A arte de expandir sem perder a essência: A presença da Fundação Gentil no nordeste brasileiro
Expandir um projeto social de São Paulo para o Nordeste do Brasil não é apenas uma questão de logística ou de recursos financeiros. É um desafio de adaptação cultural, de construção de confiança em novos territórios e de capacidade de manter a qualidade do serviço prestado enquanto se opera em contextos radicalmente diferentes do original. Eloizo Gomes Afonso Duraes conduziu esse processo com uma competência que merece ser analisada em detalhe, porque oferece lições valiosas para qualquer organização social que deseja crescer de forma responsável.
Por que o nordeste
A decisão de expandir a Fundação Gentil Afonso Duraes para o Nordeste não foi aleatória. A região concentra alguns dos indicadores sociais mais desafiadores do país: altos índices de pobreza infantil, acesso precário à educação de qualidade, vulnerabilidade alimentar significativa e desigualdade estrutural profundamente enraizada em séculos de história econômica. Levar para lá um projeto de educação complementar, inclusão digital e assistência social era levar para onde a necessidade era mais aguda.

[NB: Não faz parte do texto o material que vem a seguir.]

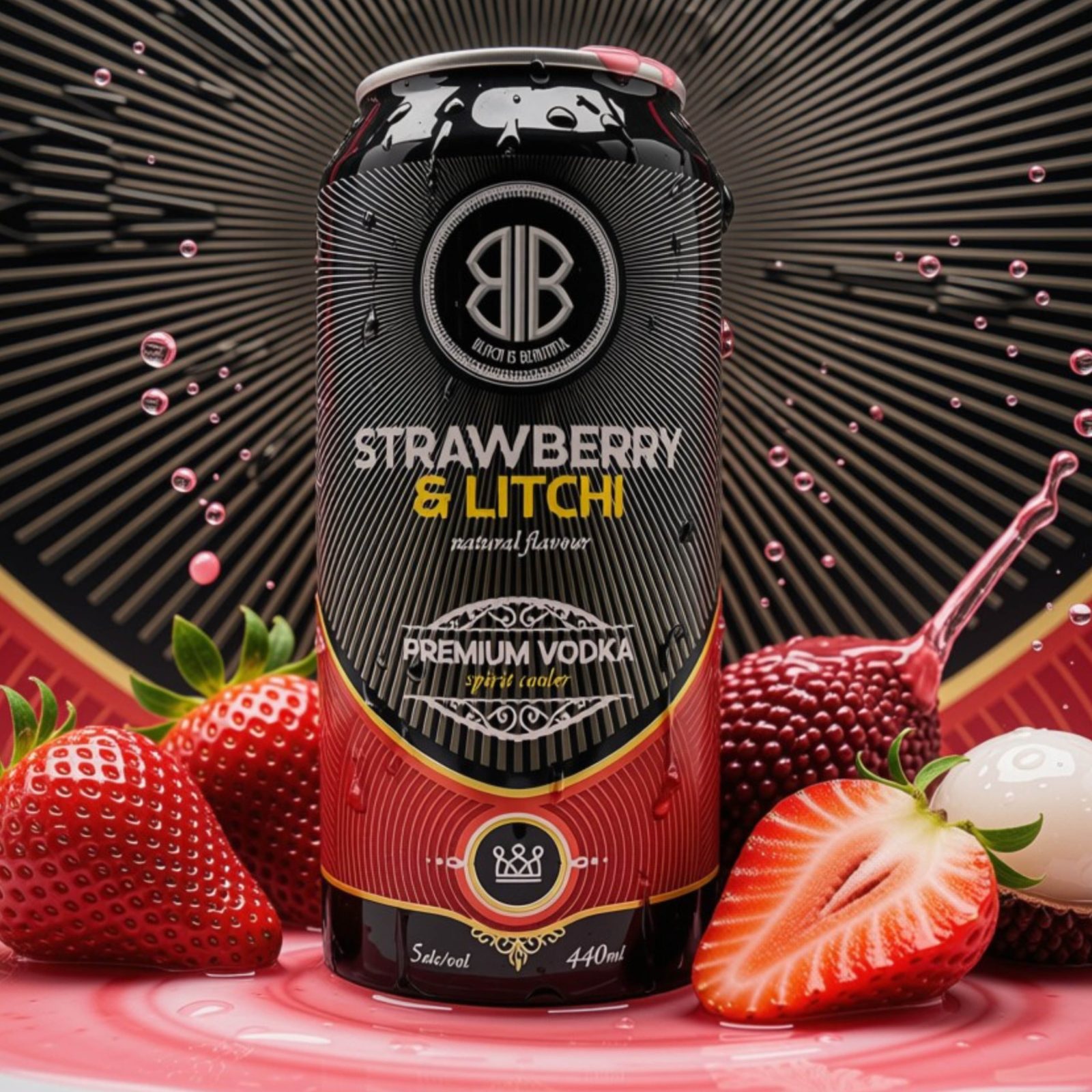 Black & Beautiful Strawberry & Litchi premium vodka spirit cooler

Eloizio Gomes Afonso Duraes sempre entendeu que a responsabilidade social de um empresário não se limita ao entorno de sua sede comercial. Quando o modelo da Fundação havia demonstrado resultados suficientemente sólidos no Jaguaré, expandir para outros contextos não foi uma ambição de escala, mas uma consequência lógica de uma convicção: de que o que havia funcionado em São Paulo poderia transformar vidas também em São Luís, em João Pessoa e em Recife.

A chegada a cada novo território
Em janeiro de 2005, a Fundação chegou a São Luís, no Maranhão. Não chegou com um manual pronto e a expectativa de replicar o modelo paulistano sem adaptações. Chegou com uma metodologia testada e disposição para aprender com as especificidades locais. Dois anos depois, em fevereiro de 2007, João Pessoa recebeu a Fundação. Em abril de 2010, foi a vez de Recife.
Cada nova localidade apresentou desafios próprios: diferentes dinâmicas comunitárias, diferentes relações com o poder público local, diferentes perfis de vulnerabilidade. Eloizo Gomes Afonso Duraes demonstrou, nesse processo, uma qualidade que nem todo líder possui: a humildade para reconhecer que saber o que funciona em um contexto não significa saber automaticamente o que funcionará em outro, e a disposição de aprender antes de agir.
Presença que se consolida
O indicador mais confiável de que a expansão foi bem conduzida é a consolidação da presença da Fundação nos estados nordestinos ao longo dos anos. Iniciativas que chegam sem raízes genuínas nas comunidades locais tendem a desaparecer quando o entusiasmo inicial se dissipa ou quando as dificuldades se acumulam. A permanência da Fundação Gentil no Nordeste ao longo de duas décadas é evidência de que sua presença foi construída sobre alicerces reais: confiança das famílias atendidas, parcerias locais sólidas e impacto verificável nas comunidades.
Para Eloizio Gomes Afonso Duraes, essa consolidação é mais do que um resultado institucional. É a confirmação de que investir nas pessoas certas, com o suporte certo e a paciência necessária para esperar pelos resultados de longo prazo, é sempre a estratégia correta, independentemente de onde no Brasil esse investimento é feito.